Assemble Your Support Team
Advocacy doesn't have to be a solo journey. Surround yourself with a supportive network of friends, family, and professionals. Make sure you talk extensively to your partner about your hopes and dreams for your pregnancy and birth. Your partner can be the one to advocate for you when you cannot; so they must be fully aware of what your wishes are.
Now that I am further into the world of maternal mental health, I have met so many wonderful allied health care professionals. Consider hiring a doula who can provide both emotional and physical support during your pregnancy and labor and more importantly, act as another advocate during delivery. Other allied health professionals that would make great members of your support team are lactation consultants, pelvic floor physical therapists and of course a perinatal trained therapist! I am more than happy to provide you with my trusted list of resources if you are looking for any of the above!
Know Your Rights
Familiarize yourself with your rights as a patient during pregnancy and childbirth.

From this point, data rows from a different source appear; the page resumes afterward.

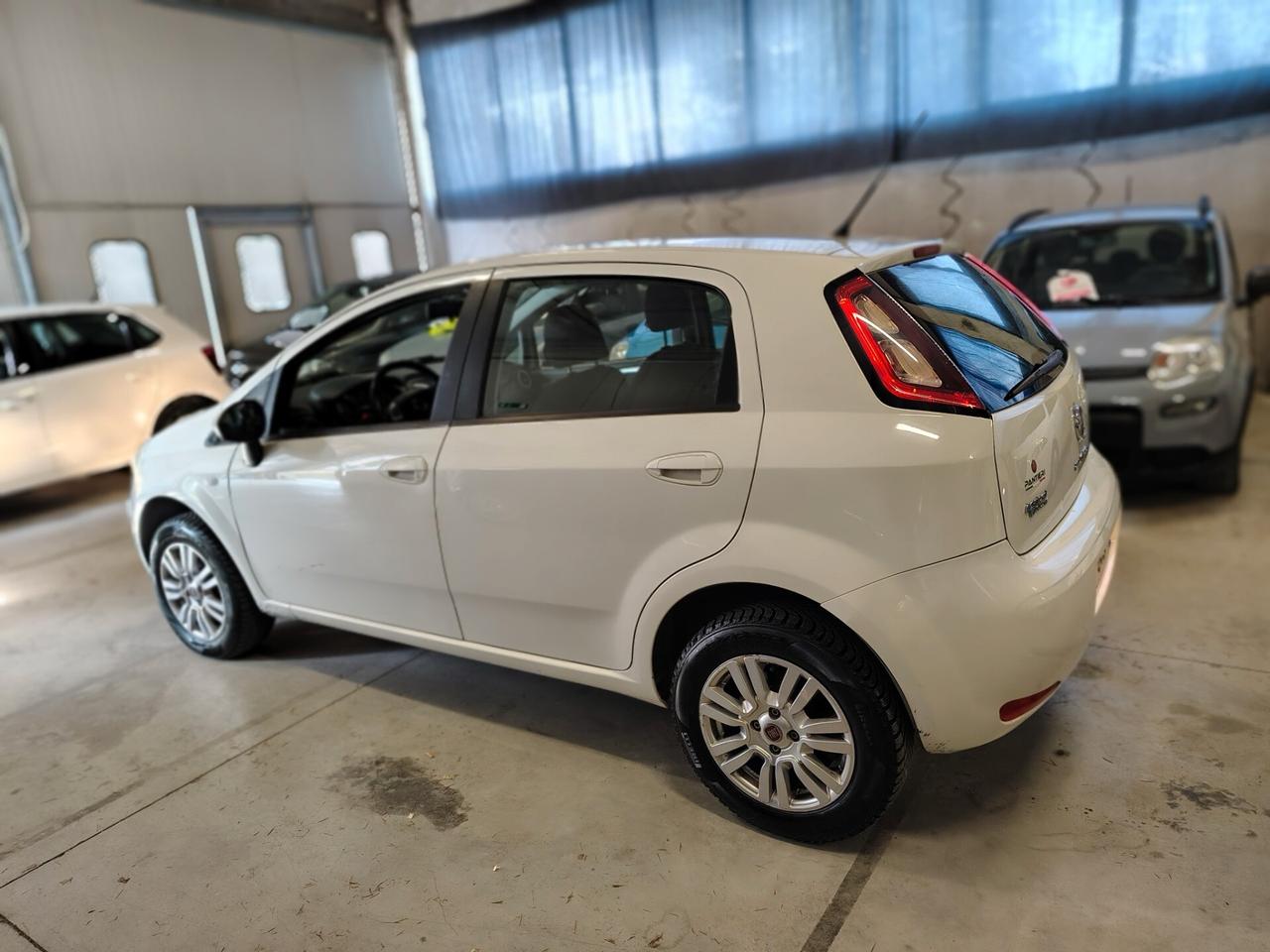 Fiat Punto evo 4 serie METANO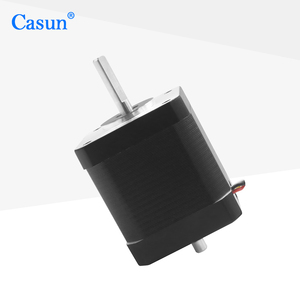 มอเตอร์สเต็ปเปอร์ Casun <span class=keywords><strong>NEMA</strong></span> <span class=keywords><strong>17</strong></span> แบบสองแกน ความหนา 48 มม. ความยาวแกนยื่น 24 มม. - Product Image 3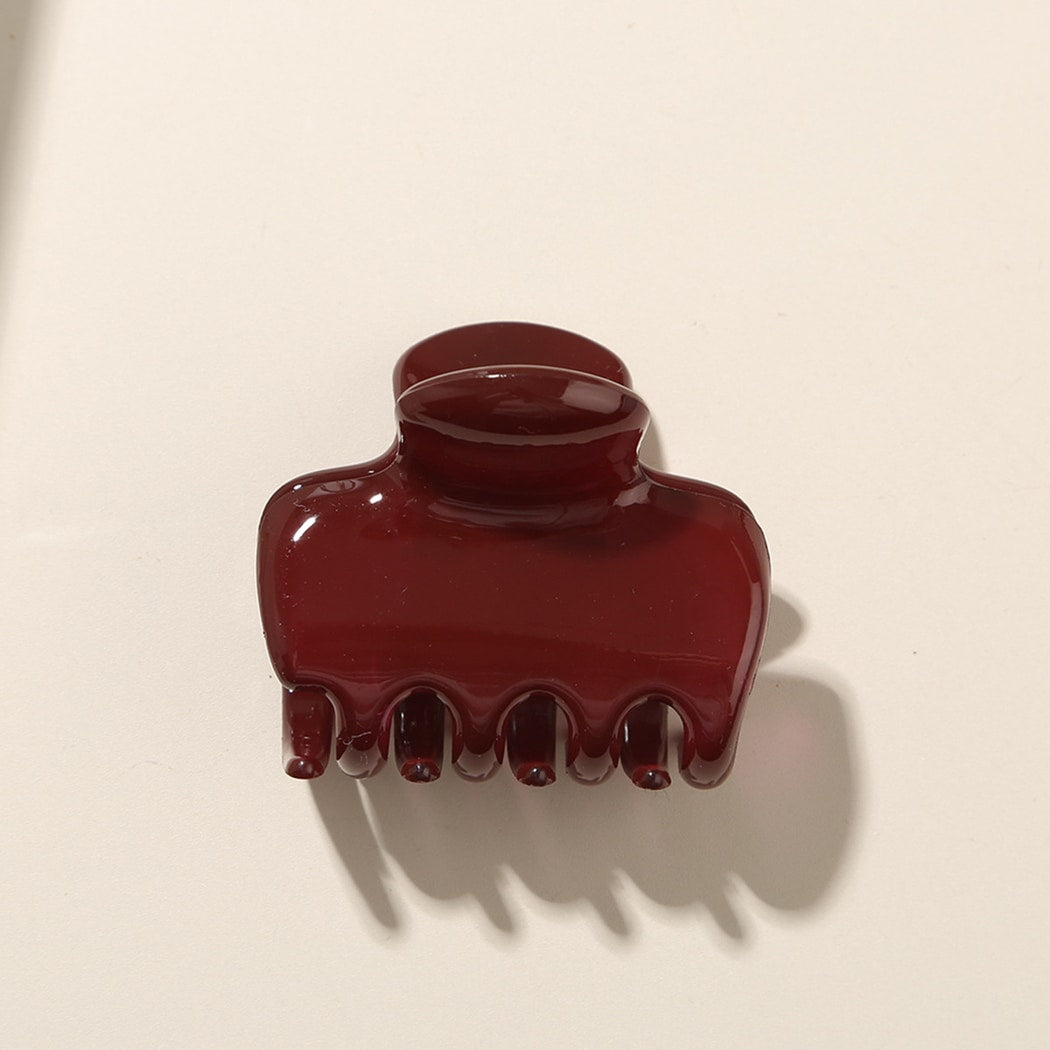 Beau - Retro Glossy Hair Claw Clip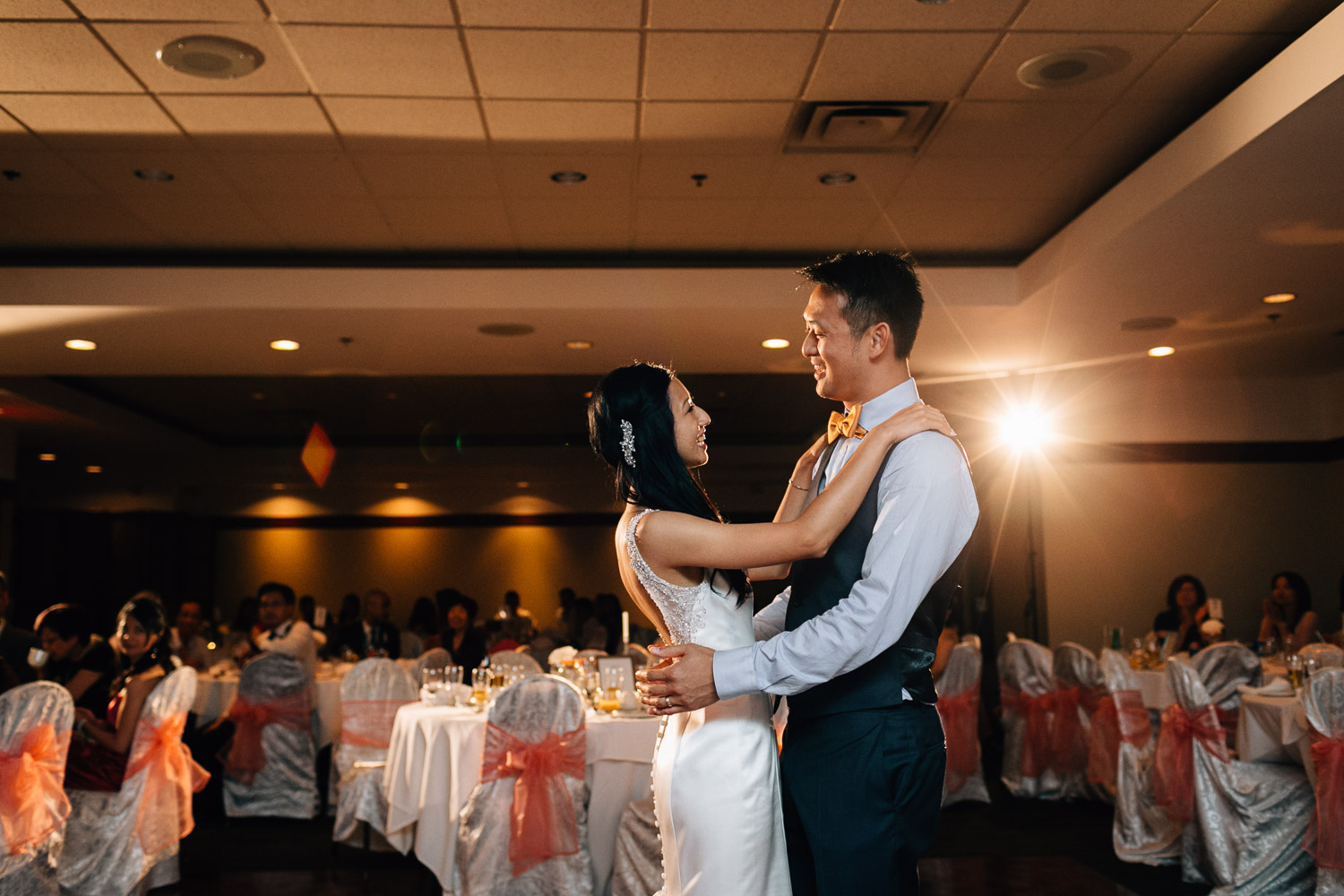 quilchena richmond wedding photographer first dance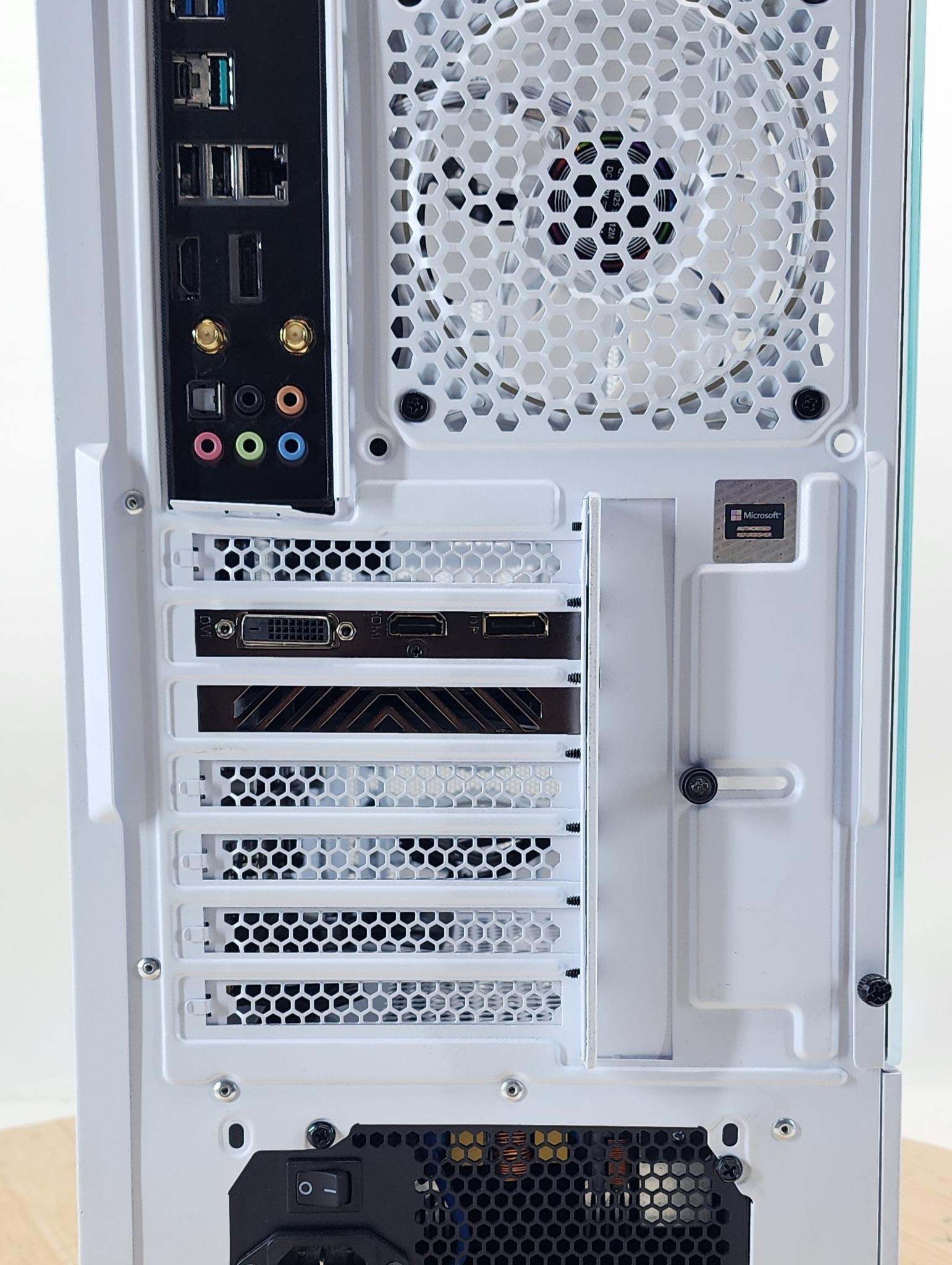 Gaming PC Ryzen 5 5600G 16GB RAM 256GB SSD+1TB HDD GTX 1650 4GB Win 11 Computer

Understand hospital policies, your right to informed consent, and the importance of obtaining a second opinion if necessary.
Throughout the pregnancy and birthing process, be attuned to your own needs and communicate them clearly. Don't hesitate to speak up if you feel uncomfortable, uncertain, or require additional information. Trust your instincts and advocate for the experience you desire. It is not silly to practice advocating with a partner or friend. If you need to have a tough conversation with a medical provider, write it out and practice what you want to say with someone you trust.
Advocacy doesn't end with the birth of your baby. Consider your postpartum needs, including feeding support, mental health resources, and recovery support such as a postpartum doula. Needs can rapidly change postpartum, so be prepared with some resources before you deliver so that you and your partner have them on hand when you may need to call upon them.
The bottom-line is… your voice matters! Advocating for your needs is not pushy or selfish. Advocacy is crucial to shaping an empowering, memorable and fulfilling pregnancy and birth journey. You matter, your needs matter, and your baby’s needs matter. Do not allow anyone to take that away from you.